Robert Holzworth’s World Wide Lightning Location Network can detect every bolt of lightning that hits the Earth. Comprised of 100 sensors spread across the globe from Finland to Antarctica, the network can pick up the pulses of electromagnetic energy created and dissipated by lightning strikes. In doing so, it is capable of determining exactly where a strike took place to within roughly five kilometres.

This particular detection network has been in place since the early 2000s and now Holzworth and his team at the University of Washington finally have enough data to analyse a particularly dramatic lightning phenomenon — the superbolt.

Nine years’ worth of data was needed for this task for one reason in particular — superbolts are extremely rare. Defined by the team as a bolt that, at its peak, releases electrical energy of more than one million joules, or a thousand times more energy than the average lightning bolt (the overall energy in the strike would be far higher), they occurred only once out of every 250,000 bolts detected. In total, the researchers looked at around two billion lightning strikes recorded between 2010 and 2018. Some 8,000 events — four-millionths of a per cent — were supersized.

Several discoveries followed this initial finding. ‘It is very unexpected and unusual where and when the very big strikes occur,’ says Holzworth. He is referring to the fact that while 90 per cent of normal lightning occurs over land, around 80 per cent of the superbolts were found to occur over water, though some of these strikes did occur very close to land, with the English coast featuring prominently. In general, superbolts were found to be most common in the northern hemisphere, in the Mediterranean Sea, the northeast Atlantic and over the Andes.
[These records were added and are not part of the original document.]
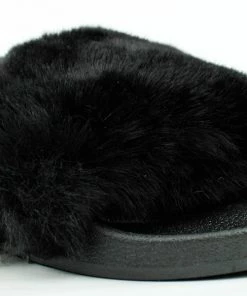 Lemonade Biselle Women's Faux Fur Slip On Slides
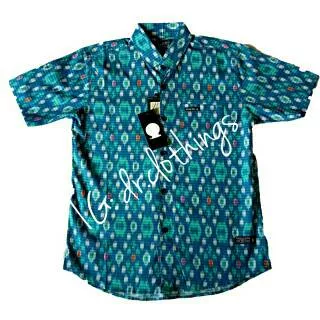 Kemeja Lengan Pendek Batik Distro Surfing M L XL Volcom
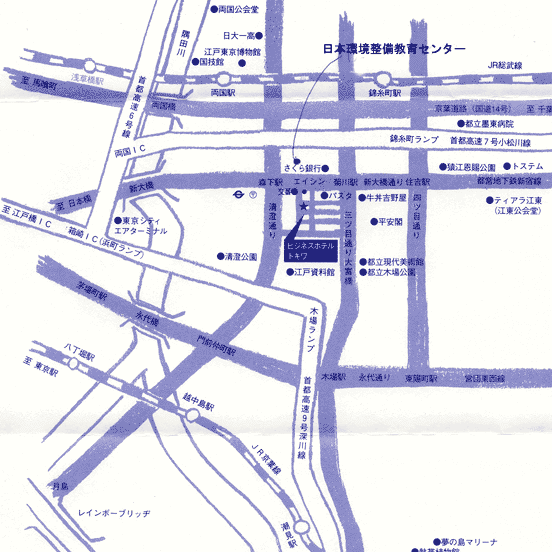 ビジネスホテル　トキワへの概略アクセスマップ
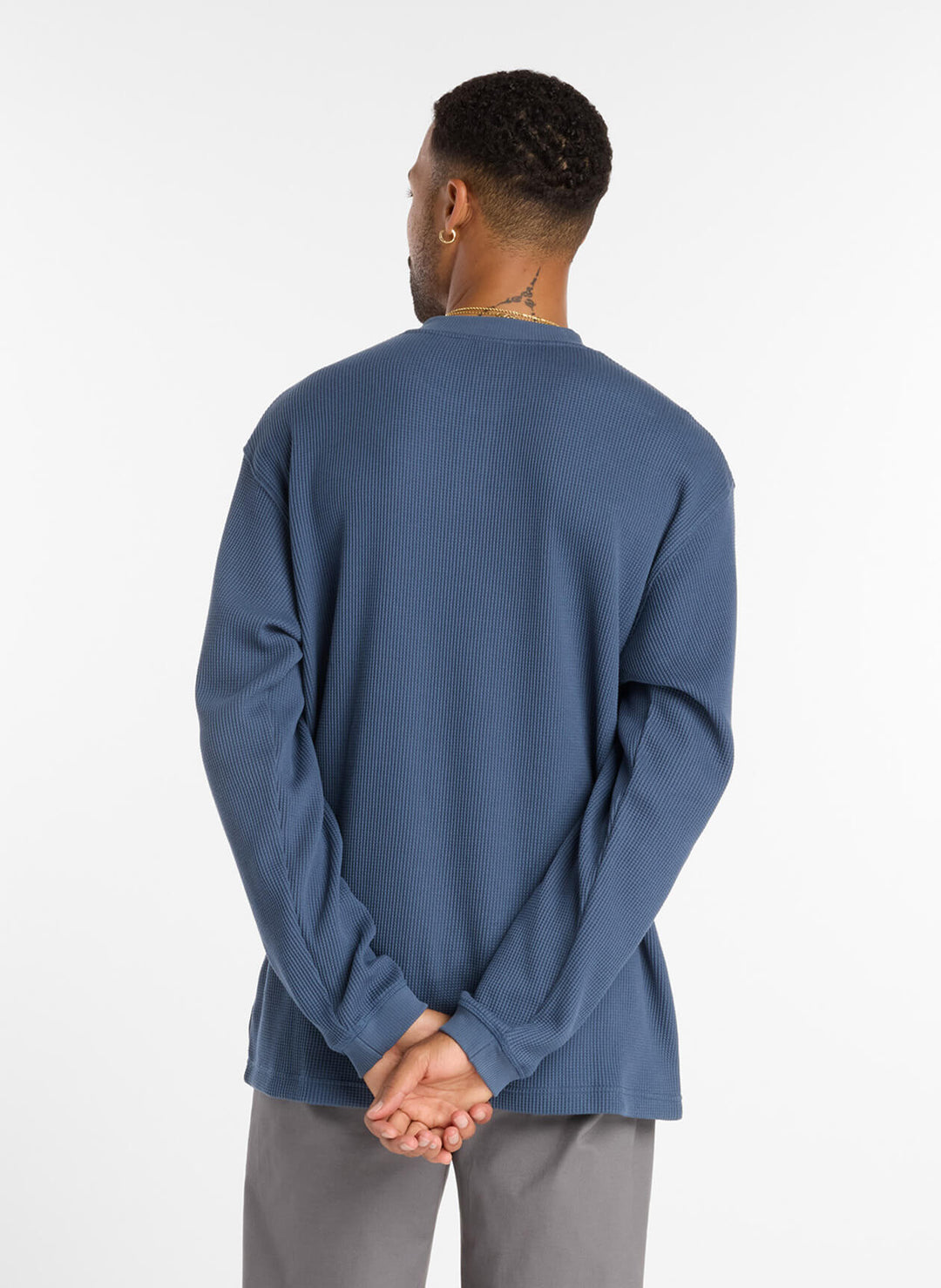 New Balance Numeric Waffle Knit Long Sleeve Henley (Navy)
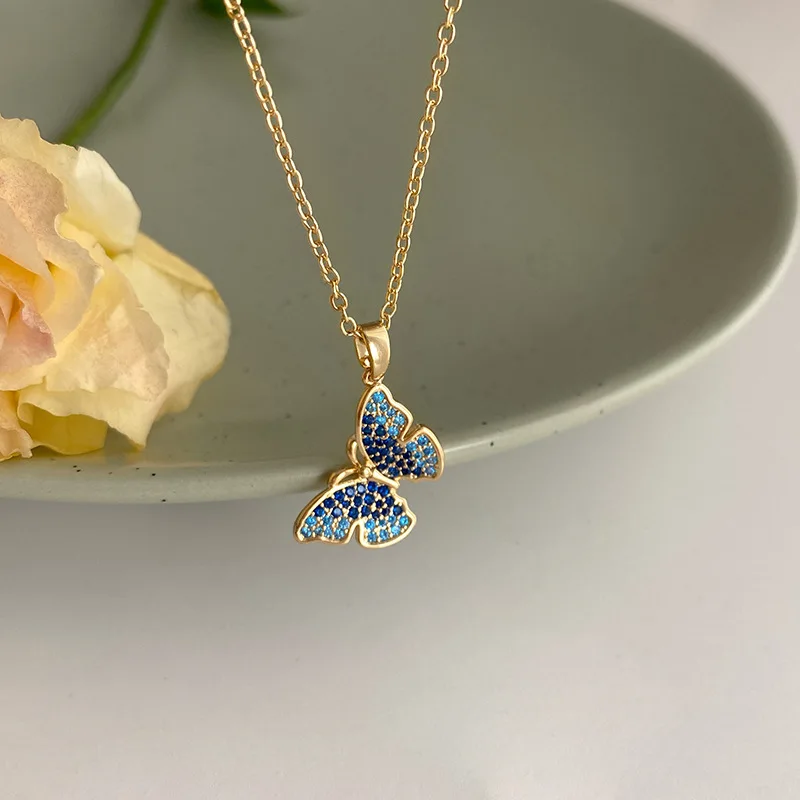 

Delicate Jewelry Blue Butterfly Pendant Necklace Pretty Design Hot Selling Golden Plating Chain Necklace For Girl Lady Gifts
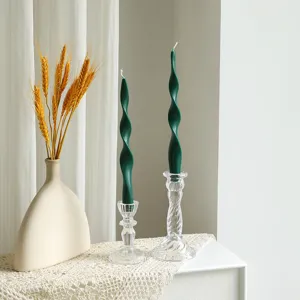 25cm spiral taper soy wax scented candle detail view, elegant home decor atmosphere props.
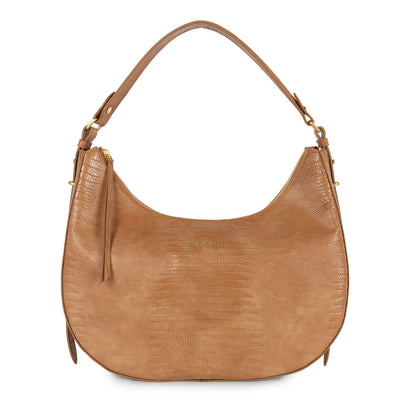 grand sac hobo - exotic lézard & croco cn #couleur_camel-lzard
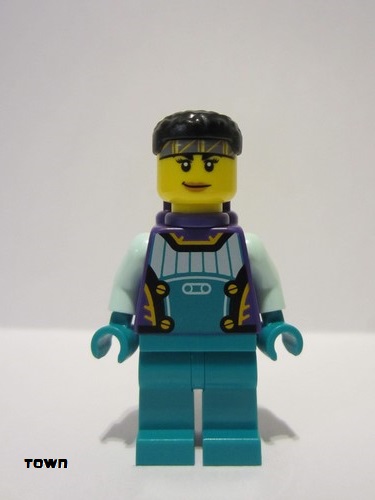 lego 2023 mini figurine cty1579 Stuntz Driver Female, Dark Purple and Dark Turquoise Racing Suit with Light Aqua Arms, Dark Purple Air Tanks, Black Short Hair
What’s more, the time of year for superbolts doesn’t follow the rules for typical lightning. Regular lightning hits in the summer, but superbolts strike both hemispheres between the months of November and February. The reasons for these differences are still unknown. While the team has a theory that it could be related to sunspots or cosmic rays, it is still too early to say for sure.

It is also not known what effect a superbolt would actually have if one was to break ranks and hit land. Would the devastation be a thousand times worse than a lesser bolt? ‘The short answer to the question is we don’t know,’ says Holzworth. ‘Because we haven’t really captured individual superbolts where we could say it destroyed three trees instead of one. Or it killed five people instead of none.’

Nevertheless, he does add that optical data captured in a different study coincides to some extent with this new analysis. This means that a particularly bright and dramatic-looking bolt of lightning could just be a superbolt. Or, as Holzworth says: ‘If you were standing around on the ground watching it, you would say, oh, there was a big one.’